Advanced Data Analytics and Predictive Modeling Projects
This collection of projects demonstrates advanced techniques in data analytics and predictive modeling, tackling complex problems in classification, clustering, and predictive analytics.
Repo: github.com
- Tech Stack: Python, scikit-learn, pandas, NumPy, Matplotlib, Boosting and ML Algorithms
Key Features
- Dimensionality reduction using PCA, TSNE, and Truncated SVD
- Handling imbalanced data with SMOTE
- Implementation of various classifiers and clustering algorithms
- Performance evaluation using metrics like F1-score and precision
It is all about
Project 1: Predictive Modeling for Drug Activity
Developed a binary classification model to distinguish active compounds from inactive ones, achieving 77.6% accuracy and 0.716 F1-score on a dataset of 18,000 compounds.

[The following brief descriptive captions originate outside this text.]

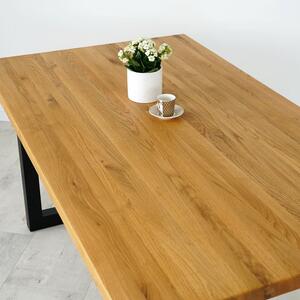 Jídelní stůl s masivní dubovou deskou Verano 1400 x 900 mm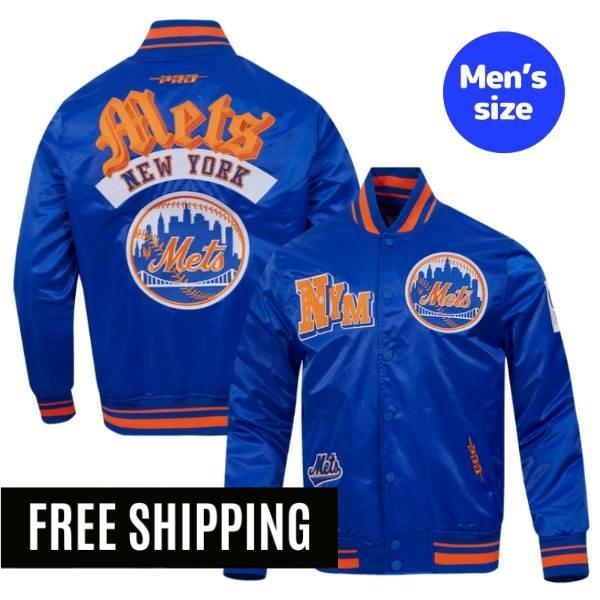 Rakuten - 【送料無料】 MLB 正規品 メジャーリーグアイテム メンズ アウター スタジャン ジャケット ジャンパー プロスタンダード Pro Standard 千賀滉大 ニューヨーク・メッツ NEW YORK METS BEST OF MEN'S RIB SATIN JACKET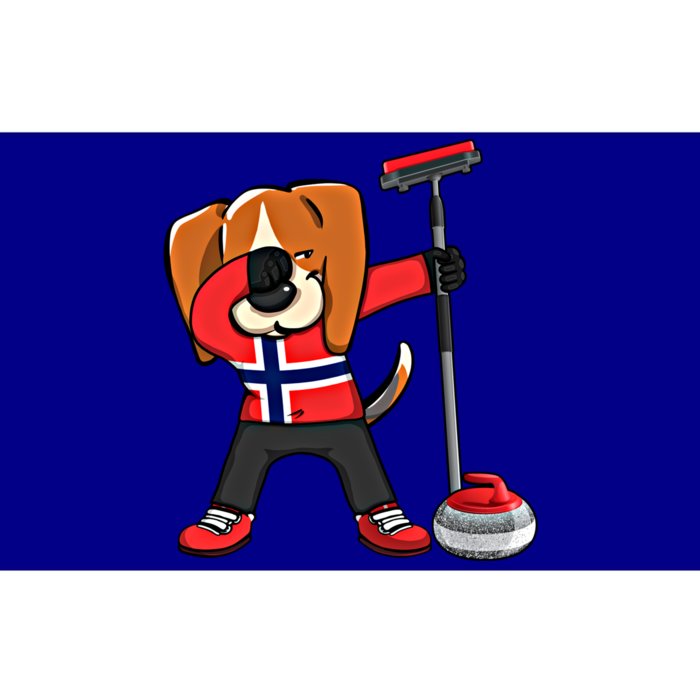 Dabbing Beagle Dog Norway Curling Lovers Jersey Winter Sport Gift Bumper Sticker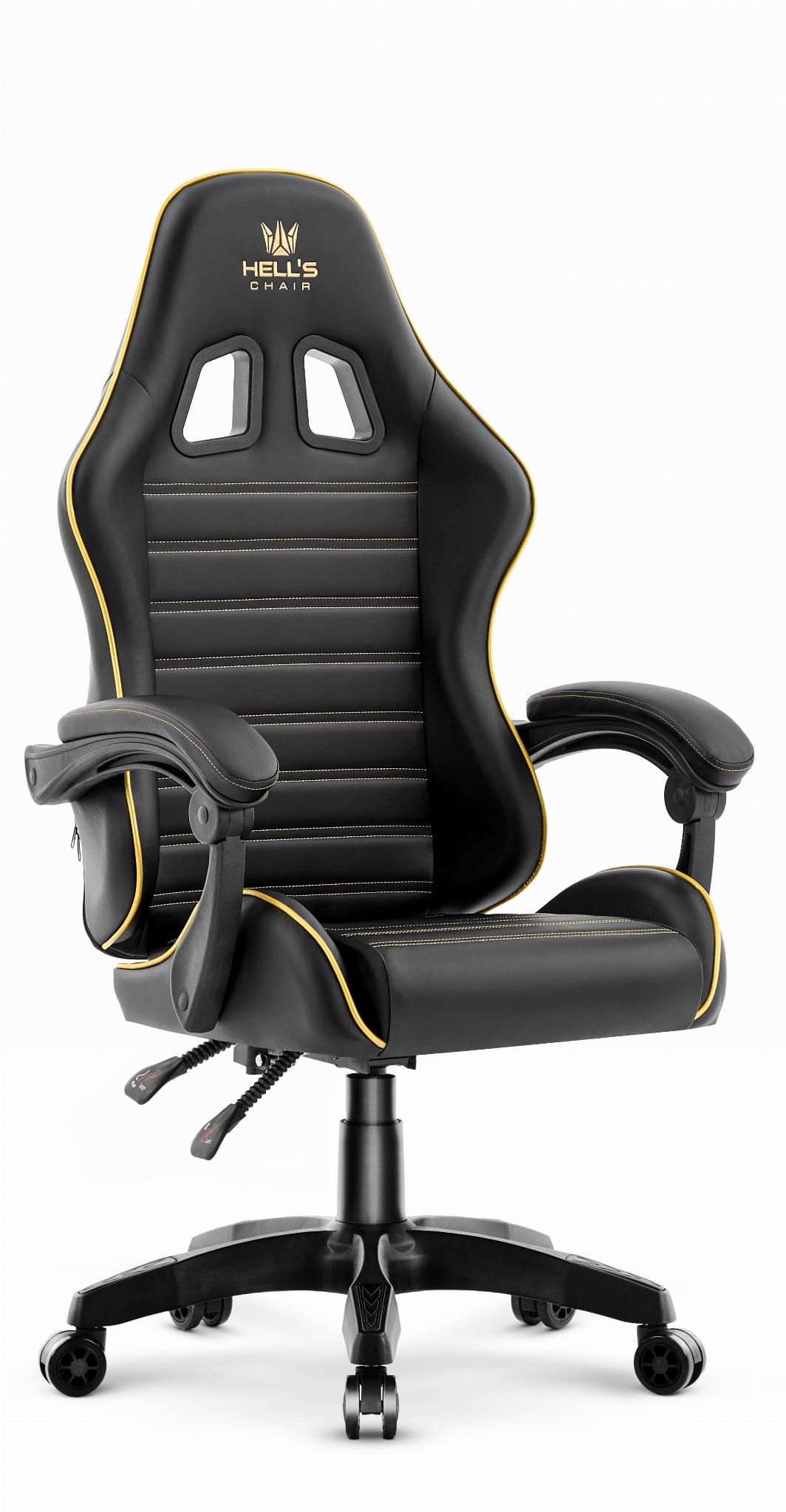 Геймерське крісло екошкіра Hell's Chair HC-1003 2.0 чорне золото - Зображення 2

Project 2: Ensemble Classifier for Drug Activity Prediction
Enhanced prediction accuracy with a Decision Tree classifier, achieving 0.83 precision, using SMOTE and AdaBoost for better performance.
Project 3: Predictive Modeling for Drug Activity Using Ensemble Models and Boosting
Enhance the accuracy of predicting the activity of drug compounds using ensemble models and boosting techniques, thereby improving the identification of potential drug candidates.
Project 4: K-Means Clustering on High dimensional Data
Applied K-Means clustering to high-dimensional data of 10,000 images (image clustering), identifying optimal clusters with the Elbow method and visualizing the results.
Implemented a custom K-Means algorithm, effectively reducing dataset dimensions using TSNE and identifying optimal clusters using the Elbow method.